By Jason Bramwell
Of the 845 small business owners – both members and nonmembers of the NSBA – who responded to questions in August for the 2013 Small Business Technology Survey , 94 percent said they are either very concerned (59 percent) or somewhat concerned (35 percent) about cybersecurity, while nearly half (44 percent) of small businesses report having been the victim of a cyberattack.
"Small business owners are handling more of their firm's IT operations," NSBA President and CEO Todd McCracken said in a written statement. "This growing IT reliance makes issues, such as cybersecurity, intellectual property protection, and a functional online marketplace, critically important in today's global economy."
When asked who is primarily responsible for handling their business' tech support, 40 percent of small business owners said they do it themselves, up from 25 percent in 2010. Thirty-two percent said a member of their staff handles it, down 4 percent from three years ago, while 24 percent pay an outside company to handle tech support, down 12 percent from 2010.
Thirty-nine percent of small business owners said they are in charge of their organization's online security, while 33 percent said a member of their staff handles it. Twenty-one percent contract with an outside company to handle online security.
Small business utilization of technology platforms or items – such as Cloud computing (43 percent in 2013 versus 5 percent in 2010), smartphones (74 percent versus 57 percent), and laptops (84 percent versus 67 percent) – increased over the last three years. This shift has driven an increase in small business owners who report they allow employees to telecommute – up from 44 percent three years ago to 60 percent today.

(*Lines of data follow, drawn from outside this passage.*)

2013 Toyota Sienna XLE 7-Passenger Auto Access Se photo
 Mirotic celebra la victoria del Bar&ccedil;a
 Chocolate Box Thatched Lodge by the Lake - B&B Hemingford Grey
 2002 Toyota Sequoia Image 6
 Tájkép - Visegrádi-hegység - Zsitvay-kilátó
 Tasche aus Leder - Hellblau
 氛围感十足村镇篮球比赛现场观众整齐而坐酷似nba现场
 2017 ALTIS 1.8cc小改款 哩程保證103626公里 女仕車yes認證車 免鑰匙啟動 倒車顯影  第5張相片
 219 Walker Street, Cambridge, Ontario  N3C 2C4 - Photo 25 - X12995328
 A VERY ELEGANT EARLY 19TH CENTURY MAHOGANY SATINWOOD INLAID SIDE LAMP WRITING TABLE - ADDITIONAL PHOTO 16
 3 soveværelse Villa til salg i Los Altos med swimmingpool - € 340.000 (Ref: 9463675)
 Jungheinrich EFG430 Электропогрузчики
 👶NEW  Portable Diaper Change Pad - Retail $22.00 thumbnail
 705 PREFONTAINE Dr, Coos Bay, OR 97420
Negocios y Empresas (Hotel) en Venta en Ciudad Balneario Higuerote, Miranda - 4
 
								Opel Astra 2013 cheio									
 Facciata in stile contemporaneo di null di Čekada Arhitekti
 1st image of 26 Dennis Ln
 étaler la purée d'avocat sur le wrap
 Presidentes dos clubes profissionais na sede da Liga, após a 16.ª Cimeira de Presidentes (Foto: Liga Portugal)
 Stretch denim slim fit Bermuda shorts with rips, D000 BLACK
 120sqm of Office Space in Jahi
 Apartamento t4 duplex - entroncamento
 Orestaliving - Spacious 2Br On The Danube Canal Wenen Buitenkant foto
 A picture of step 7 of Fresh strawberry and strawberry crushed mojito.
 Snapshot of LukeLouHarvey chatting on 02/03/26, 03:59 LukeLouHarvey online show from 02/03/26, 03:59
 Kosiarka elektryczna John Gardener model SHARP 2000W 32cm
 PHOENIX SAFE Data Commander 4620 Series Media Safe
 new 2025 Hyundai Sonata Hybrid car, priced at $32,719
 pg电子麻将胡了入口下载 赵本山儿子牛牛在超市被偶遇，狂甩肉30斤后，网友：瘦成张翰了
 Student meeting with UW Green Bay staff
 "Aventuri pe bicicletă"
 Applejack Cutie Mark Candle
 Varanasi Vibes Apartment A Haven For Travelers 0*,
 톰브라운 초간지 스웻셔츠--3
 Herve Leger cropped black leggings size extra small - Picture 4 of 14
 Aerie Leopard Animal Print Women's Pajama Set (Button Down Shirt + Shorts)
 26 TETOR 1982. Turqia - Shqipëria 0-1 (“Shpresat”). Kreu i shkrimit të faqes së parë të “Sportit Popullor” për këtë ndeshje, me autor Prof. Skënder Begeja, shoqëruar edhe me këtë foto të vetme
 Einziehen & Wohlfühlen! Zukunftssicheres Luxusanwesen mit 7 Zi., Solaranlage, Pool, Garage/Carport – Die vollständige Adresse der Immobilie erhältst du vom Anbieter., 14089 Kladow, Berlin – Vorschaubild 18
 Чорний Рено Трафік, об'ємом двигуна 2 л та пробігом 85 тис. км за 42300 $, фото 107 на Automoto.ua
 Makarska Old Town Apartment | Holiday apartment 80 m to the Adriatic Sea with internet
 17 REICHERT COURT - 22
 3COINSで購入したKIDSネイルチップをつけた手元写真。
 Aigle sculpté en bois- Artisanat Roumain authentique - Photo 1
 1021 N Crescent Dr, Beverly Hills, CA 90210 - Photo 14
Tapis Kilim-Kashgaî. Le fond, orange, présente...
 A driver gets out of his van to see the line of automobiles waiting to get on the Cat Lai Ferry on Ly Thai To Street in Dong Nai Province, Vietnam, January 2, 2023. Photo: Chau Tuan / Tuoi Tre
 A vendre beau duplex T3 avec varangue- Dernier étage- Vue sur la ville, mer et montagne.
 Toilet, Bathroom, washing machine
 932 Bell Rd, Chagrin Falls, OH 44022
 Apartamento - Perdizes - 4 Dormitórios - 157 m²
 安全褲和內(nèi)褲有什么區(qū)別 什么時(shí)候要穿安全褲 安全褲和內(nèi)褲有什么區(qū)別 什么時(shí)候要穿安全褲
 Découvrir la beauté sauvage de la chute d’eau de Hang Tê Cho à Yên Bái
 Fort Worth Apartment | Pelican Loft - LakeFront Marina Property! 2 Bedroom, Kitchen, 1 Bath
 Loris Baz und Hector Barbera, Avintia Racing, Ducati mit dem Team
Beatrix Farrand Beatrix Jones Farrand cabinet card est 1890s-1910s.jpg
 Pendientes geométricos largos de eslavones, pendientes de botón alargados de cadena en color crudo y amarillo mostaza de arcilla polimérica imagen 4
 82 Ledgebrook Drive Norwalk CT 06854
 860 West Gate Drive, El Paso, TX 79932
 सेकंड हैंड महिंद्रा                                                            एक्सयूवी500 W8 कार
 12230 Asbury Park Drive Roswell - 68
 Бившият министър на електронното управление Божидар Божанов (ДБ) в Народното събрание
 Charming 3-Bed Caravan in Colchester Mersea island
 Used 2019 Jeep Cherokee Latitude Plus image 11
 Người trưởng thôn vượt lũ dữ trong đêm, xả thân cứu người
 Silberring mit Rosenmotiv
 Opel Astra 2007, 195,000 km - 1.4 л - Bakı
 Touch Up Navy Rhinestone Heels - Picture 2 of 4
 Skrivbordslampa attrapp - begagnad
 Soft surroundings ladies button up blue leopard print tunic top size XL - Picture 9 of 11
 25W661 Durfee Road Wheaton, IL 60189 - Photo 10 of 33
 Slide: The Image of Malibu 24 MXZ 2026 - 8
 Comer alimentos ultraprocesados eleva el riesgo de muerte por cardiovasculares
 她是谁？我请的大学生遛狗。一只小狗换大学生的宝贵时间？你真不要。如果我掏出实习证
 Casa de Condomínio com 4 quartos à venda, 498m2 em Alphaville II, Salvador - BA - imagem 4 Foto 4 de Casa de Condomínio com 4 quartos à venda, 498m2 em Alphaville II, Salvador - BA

The cost of needed upgrades (44 percent), security issues (42 percent), and the time it takes to fix problems (41 percent) were rated as the top three IT challenges facing small firms. When it comes to challenges with their websites, time was again a key factor, as 64 percent of small business owners cited the time it takes to make updates as their biggest challenge. The cost of maintaining their website was less of a factor; however, 26 percent still said it was the biggest issue they face concerning their website.
Cyberattacks cost small businesses on average $8,699 per attack, according to survey results. Among those whose business banking accounts were hacked, the average losses were $6,927. Business checking accounts are not protected the same way as traditional consumer banking accounts – a loophole in the law of which just one in four small businesses are aware.
About the survey:
The 2013 Small Business Technology Survey by the NSBA was conducted online from August 14 to 23 among 845 small business owners, representing every industry in every state in the nation. While the survey was sent to a larger sample set than a similar survey conducted by the NSBA in 2010, the demographics were largely in line with the previous sample sets.